(Dataset records Opens)

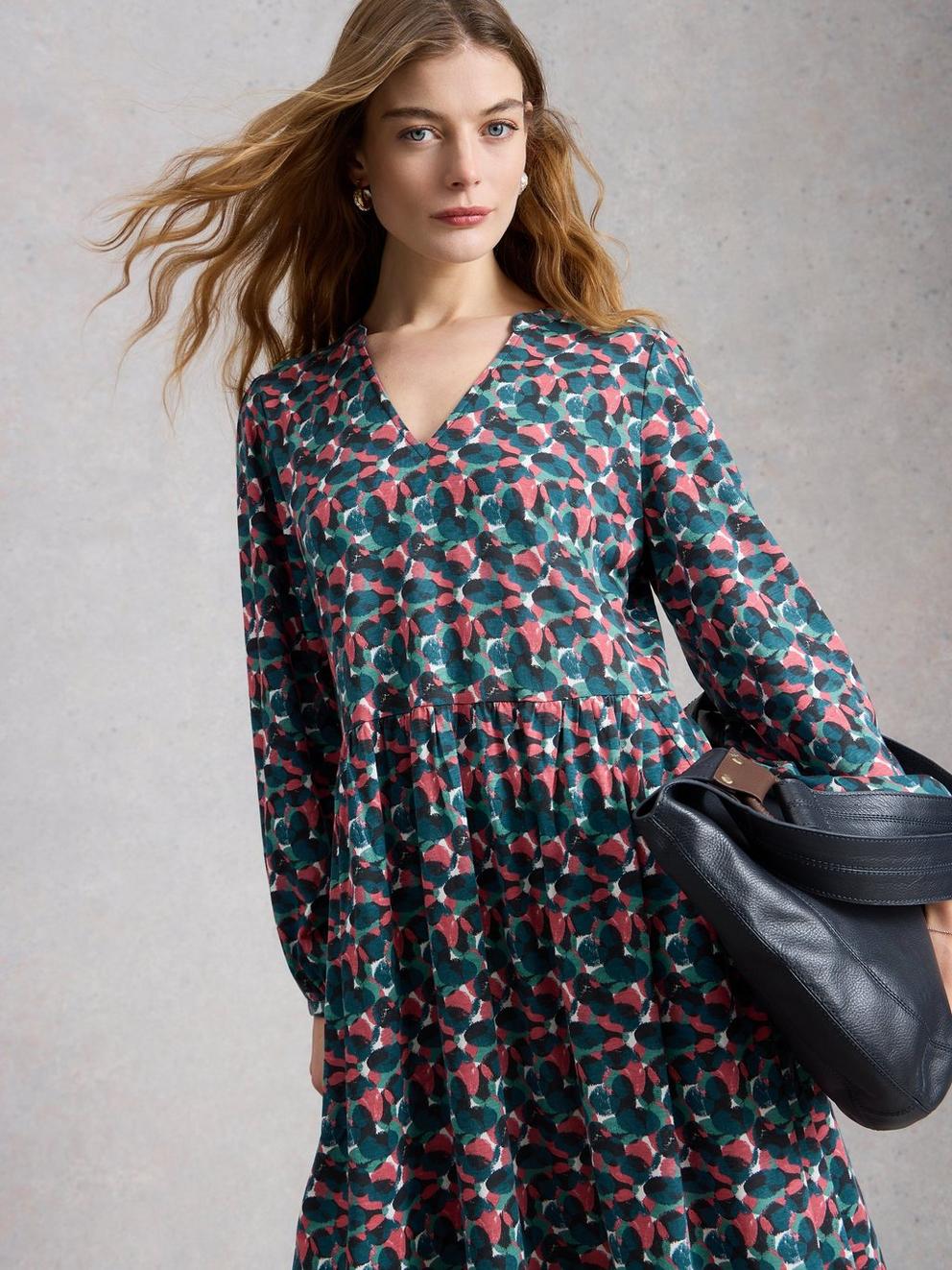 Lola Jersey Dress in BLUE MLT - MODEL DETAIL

(Dataset records Closes)
(Dataset records Opens)

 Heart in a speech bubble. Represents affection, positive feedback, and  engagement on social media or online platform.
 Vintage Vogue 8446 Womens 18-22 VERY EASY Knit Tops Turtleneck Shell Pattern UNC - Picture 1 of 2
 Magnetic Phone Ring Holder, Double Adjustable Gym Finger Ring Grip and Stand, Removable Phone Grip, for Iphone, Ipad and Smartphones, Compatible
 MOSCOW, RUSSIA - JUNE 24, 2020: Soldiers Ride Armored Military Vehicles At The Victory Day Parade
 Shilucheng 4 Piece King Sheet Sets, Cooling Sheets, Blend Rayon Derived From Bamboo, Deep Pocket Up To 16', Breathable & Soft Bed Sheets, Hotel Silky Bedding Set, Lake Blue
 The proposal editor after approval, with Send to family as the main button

(Dataset records Closes)

Copy exactly the stretch of data above from the line with "Magnetic Phone Ring" through the line with "The proposal editor", and omit all other lines.

 Magnetic Phone Ring Holder, Double Adjustable Gym Finger Ring Grip and Stand, Removable Phone Grip, for Iphone, Ipad and Smartphones, Compatible
 MOSCOW, RUSSIA - JUNE 24, 2020: Soldiers Ride Armored Military Vehicles At The Victory Day Parade
 Shilucheng 4 Piece King Sheet Sets, Cooling Sheets, Blend Rayon Derived From Bamboo, Deep Pocket Up To 16', Breathable & Soft Bed Sheets, Hotel Silky Bedding Set, Lake Blue
 The proposal editor after approval, with Send to family as the main button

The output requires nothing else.